A faster, more objective analytical tool to rapidly measure viral infectivity could change vaccine development and production. In a study published on Sept. 12, 2018 by Vaccine, a journal by global information analytics business Elsevier, scientists and bioengineers at Thermo Fisher Scientific and LumaCyte suggest that LumaCyte's Radiance instrument offers the ability to rapidly analyze viral vaccines to speed development and production and ensure their effectiveness.
The study authors demonstrate two situations for improved detection of viral infection of vesicular stomatitis virus (VSV) in a mammalian cell line.

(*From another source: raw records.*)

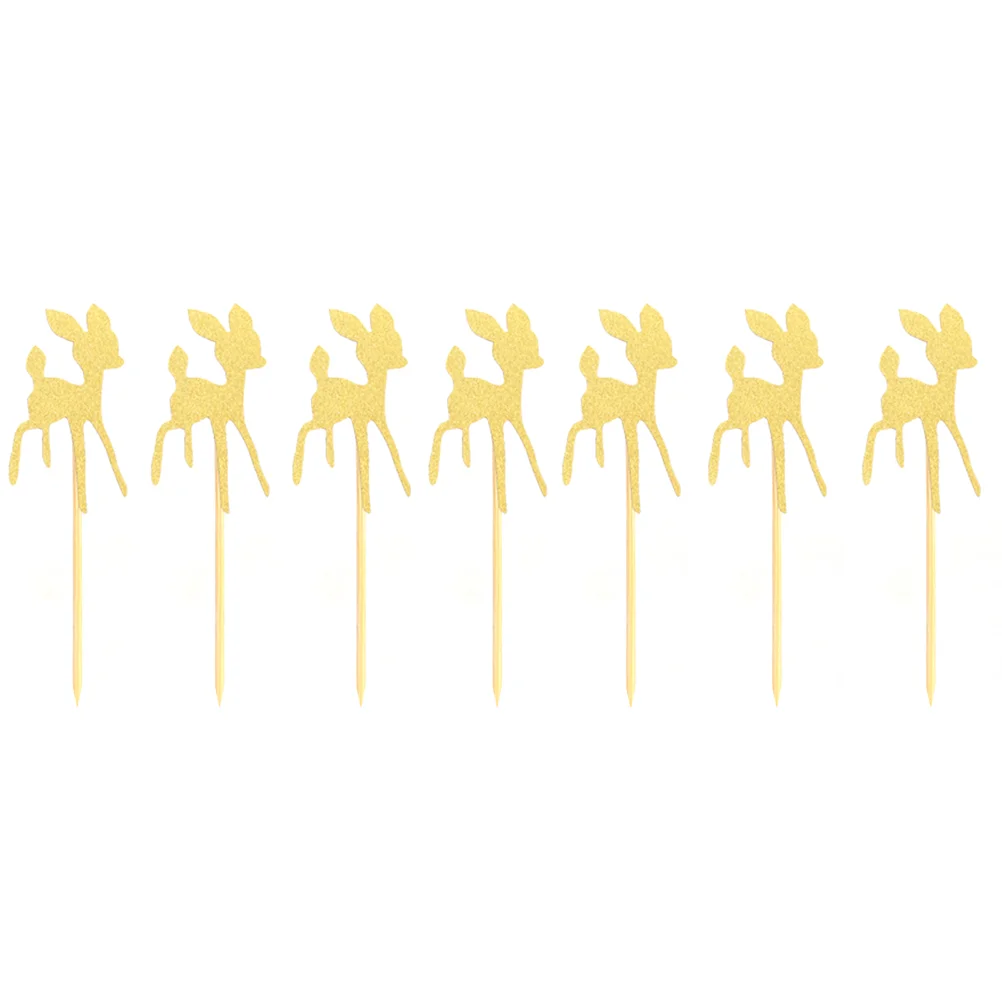 

24pcs Golden Glitter Deer Shaped Paper Cake Picks Cupcake Decor Party Supplies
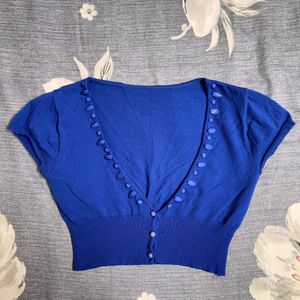 Blue Cardigan Top With Stones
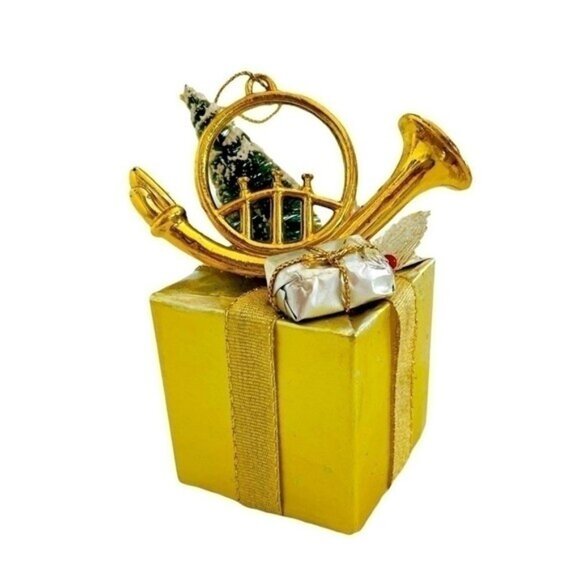 Vintage 3D Musical Christmas Ornament Gold Gift Shape Working Music Box - Picture 3 of 6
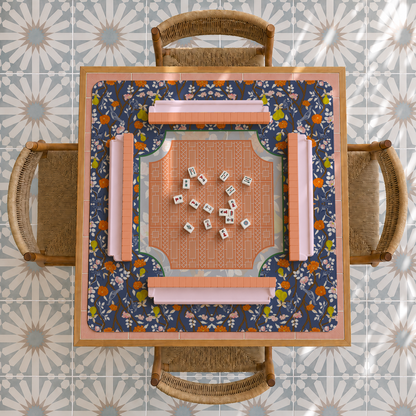 Chinoiserie Garden Mahjong Mat | Navy Bird & Pear Mah Jongg Mat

VSV is used for vaccine production, including several candidate vaccines against emerging infectious diseases such as the Ebola, Lassa, and Nipah viruses. The first is for cells that are already infected with VSV during an ongoing bioprocess that can be analyzed immediately using Radiance (5–10 min instrumental process and analysis time) representing a 400- to 800-fold reduction in the time required to obtain an answer (72 hours in the conventional end-point dilution process). LumaCyte reports that this capability offers researchers real-time monitoring of viral infectivity, something which currently is not possible using standard techniques; this allows near real-time process control and monitoring.
In the second situation, rapid viral infectivity determination for crude or purified virus solutions, where samples of the preparation can be taken, applied to suspension or adherent cells and then incubated for a 3–7 times shorter period (depending on the virus and cells used) before automated analysis using the instrument. The authors showed how VSV infectivity measurements based upon laser force cytology (LFC) and the instrument were more sensitive and yielded results in 16 hours versus the 72 hours required using conventional method, endpoint dilution. In addition to the shorter incubation period, the results do not rely on operator interpretation and require less labor, further reducing costs.
Many viral vaccines use live infectious viruses to generate an immune response that later protects vaccinated individuals from a new infection with the same or similar virus. Therefore, the measurement of infectious virus concentration is critical for vaccine safety and efficacy and is used throughout R&D, biomanufacturing, release testing, and clinical trials.
“Current techniques for measuring viral infectivity are generally slow, labor-intensive, and difficult to standardize, which often creates a bottleneck in the development process and makes it more difficult to respond to emerging and rapidly-changing threats such as Ebola, Zika Virus, and Influenza,” LumaCyte stated in a Sept. 12, 2018 press release. “Rapid viral quantification during a response to an emerging infectious disease or pandemic is especially important as delays in vaccine production can hamper efforts to contain the spread of a new pandemic. Many existing systems for viral quantification rely on fluorescently tagged antibodies (labels), that for new viruses could require many months to a year or more to develop and test thoroughly.”
LumaCyte's label-free instrument appears to offer significant improvement over label-based methods and can further enhance researchers' efforts against these growing threats, according to the company.
The instrument is a label-free, automated, high-content cell analyzer and sorter that measures the optical force, size, shape, deformability, and captures images of single cells. By measuring intrinsic biophysical and biochemical properties of single cells, cellular changes due to viral infection can be rapidly, repeatably, and objectively quantitated, LumaCyte reports. LFC is very sensitive to agents that perturb cellular structures or change biochemical composition. High quality viral infectivity measurements can be made in a fraction of the time, labor, and cost of traditional assays such as plaque or endpoint dilution or in near real-time throughout the infection process.